CLEMSON — It’s unlikely Clemson coaches are about to set up camp in Detroit, Cleveland or Philadelphia in search of the next great Tiger.
Clemson’s last five recruiting classes have included just one signee from a traditional Big Ten state: quarterback Cole Stoudt, from Dublin, Ohio — and he was born and raised in Greenville, so he’s not exactly a hardened Big Ten product.
The point is, when Michigan’s Jim Harbaugh plans a coast-to-coast tour of cities and Penn State’s James Franklin vows to siphon kids from the south to State College, ACC and SEC coaches will tend to react — at best raise an eyebrow, at worst panic — toward the Big Ten’s blossoming trend of planting satellite high school football camps in their own backyard.
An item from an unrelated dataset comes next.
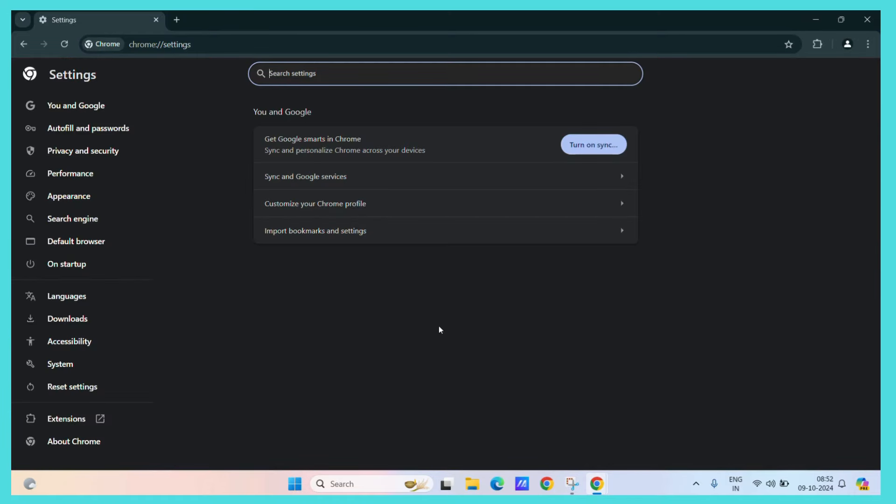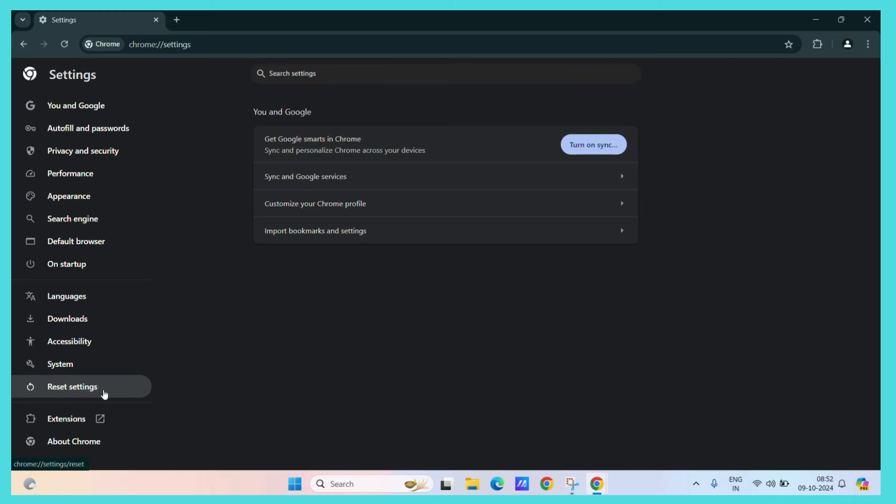Under settings, you can see the reset settings tab. Click on the reset settings tab.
Dabo Swinney, who has made a living off mining the rich recruiting fields of Georgia, Florida and Alabama along with in-state South Carolina products, isn’t so sure he likes the current system where certain conferences — cough, the Big Ten — are allowed to take their show on the road, whereas the ACC and SEC coaches are not.
“I’m against it. I think it’s a loophole people are taking advantage of, and it’s something that needs to be addressed,” Swinney said Wednesday on an ACC coaches teleconference. “It’s something that will probably come to a head one way or another.”
With other SEC coaches like Nick Saban, Gus Malzahn and Mark Richt joining the chorus against satellite camps, Harbaugh struck back via a note on his Twitter account Friday.
“As a collegial gesture we invite coaches from every college to be involved in our football camp. #Compete #ExposureU,” tweeted Harbaugh, who reportedly will host such camps from Pennsylvania, Tampa, Houston and California.
It’s unknown how many coaches will take up Harbaugh on the offer, but it’s unlikely many will be amused.
“If it continues, if they don’t restrict the satellite camps,” Louisville’s Bobby Petrino said, “then probably we need to be able to do what everybody else can do.
“The one thing I don’t like as much about camps as I used to: it used to be about bringing young men to camp and help them get better so they can be more productive in the fall. The purpose of camps has changed quite a bit; it’s more about recruiting.”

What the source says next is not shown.